Twelve Countries and Nine Earths: A visual ethnography of daily consumption practices across cultures  
Kevin Walker (Coventry University)

Paper short abstract:

Nine Earths is a project about climate change, collecting video of young participants in 12 countries. A visual ethnography produces films situated between documentary and art film, focused on daily consumption practices, enabling cross-cultural comparisons and analysis of power relations.

Paper long abstract:

Nine Earths is a collaborative project investigating consumption and climate change, involving participants from 12 countries. We commission artists and filmmakers in each country to film an average day of a young person aged 18-34, viewing their daily practices through the lens of climate and consumption.

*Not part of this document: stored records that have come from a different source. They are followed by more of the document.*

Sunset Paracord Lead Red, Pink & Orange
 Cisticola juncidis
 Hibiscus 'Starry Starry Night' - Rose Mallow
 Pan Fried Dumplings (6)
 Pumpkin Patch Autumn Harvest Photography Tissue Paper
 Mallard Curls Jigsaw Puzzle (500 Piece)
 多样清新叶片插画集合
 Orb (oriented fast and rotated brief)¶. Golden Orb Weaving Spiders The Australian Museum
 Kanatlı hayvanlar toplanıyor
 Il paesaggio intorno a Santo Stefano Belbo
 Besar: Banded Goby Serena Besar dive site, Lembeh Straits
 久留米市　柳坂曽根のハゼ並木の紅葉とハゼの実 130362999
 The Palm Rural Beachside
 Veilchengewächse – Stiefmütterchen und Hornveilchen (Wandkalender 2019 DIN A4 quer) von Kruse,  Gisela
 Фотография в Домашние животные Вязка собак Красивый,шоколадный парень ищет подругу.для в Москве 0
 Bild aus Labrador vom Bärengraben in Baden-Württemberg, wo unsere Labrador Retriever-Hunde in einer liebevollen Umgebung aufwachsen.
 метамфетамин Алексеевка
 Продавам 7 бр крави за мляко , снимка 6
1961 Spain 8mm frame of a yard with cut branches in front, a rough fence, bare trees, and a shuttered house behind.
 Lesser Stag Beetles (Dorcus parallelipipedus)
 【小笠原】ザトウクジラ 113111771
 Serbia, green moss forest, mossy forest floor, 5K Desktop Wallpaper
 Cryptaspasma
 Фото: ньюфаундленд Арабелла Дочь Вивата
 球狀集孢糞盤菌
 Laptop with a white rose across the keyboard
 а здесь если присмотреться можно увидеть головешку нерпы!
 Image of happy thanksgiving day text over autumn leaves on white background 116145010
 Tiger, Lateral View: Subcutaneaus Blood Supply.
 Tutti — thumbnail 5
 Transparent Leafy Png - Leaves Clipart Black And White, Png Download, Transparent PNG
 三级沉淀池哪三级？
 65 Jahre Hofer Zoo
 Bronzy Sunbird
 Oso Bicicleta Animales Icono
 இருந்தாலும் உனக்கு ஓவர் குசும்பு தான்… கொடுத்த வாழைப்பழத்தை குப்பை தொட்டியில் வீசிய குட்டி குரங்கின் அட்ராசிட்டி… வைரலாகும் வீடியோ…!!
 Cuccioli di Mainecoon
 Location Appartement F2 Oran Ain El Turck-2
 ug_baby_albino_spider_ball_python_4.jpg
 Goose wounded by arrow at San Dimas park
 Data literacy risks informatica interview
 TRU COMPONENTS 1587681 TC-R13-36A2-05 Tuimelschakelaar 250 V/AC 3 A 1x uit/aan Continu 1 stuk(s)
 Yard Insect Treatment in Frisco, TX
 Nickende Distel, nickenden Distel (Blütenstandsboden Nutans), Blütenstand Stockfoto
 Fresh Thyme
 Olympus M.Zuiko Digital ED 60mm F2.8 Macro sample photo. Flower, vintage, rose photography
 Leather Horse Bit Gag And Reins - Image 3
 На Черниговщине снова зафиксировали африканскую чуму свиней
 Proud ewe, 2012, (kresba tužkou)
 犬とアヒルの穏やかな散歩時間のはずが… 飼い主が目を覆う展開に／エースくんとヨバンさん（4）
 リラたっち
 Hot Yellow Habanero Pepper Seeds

I have been conducting a visual ethnography of this footage, to produce films situated between documentary and art film, which address the following questions: What can video collected by artists and young people in different countries tell us about global consumption? How feasible and suitable is remote ethnography for illuminating specific local contexts and making cross-cultural comparisons about consumption practices in relation to climate change?

As an example of what Mead and Métraux (1954) called The Study of Culture at a Distance, the project raises issues of power relations between Eurocentric paradigms and remotely located participants, and between scientists, filmmakers and informants. I will present findings arising from my analysis, regarding what should be recorded and how, and about issues of ‘telepistemology’ in which the ethnographer is separated from the reality of social phenomena, observing and comparing multiple cultures through a process of multiple mediation.

The project investigates ‘decentred subjectivities and the geographical complexities that arise when intimacy no longer necessarily implies proximity’(Law, 2004). The findings will be presented through film clips from various countries.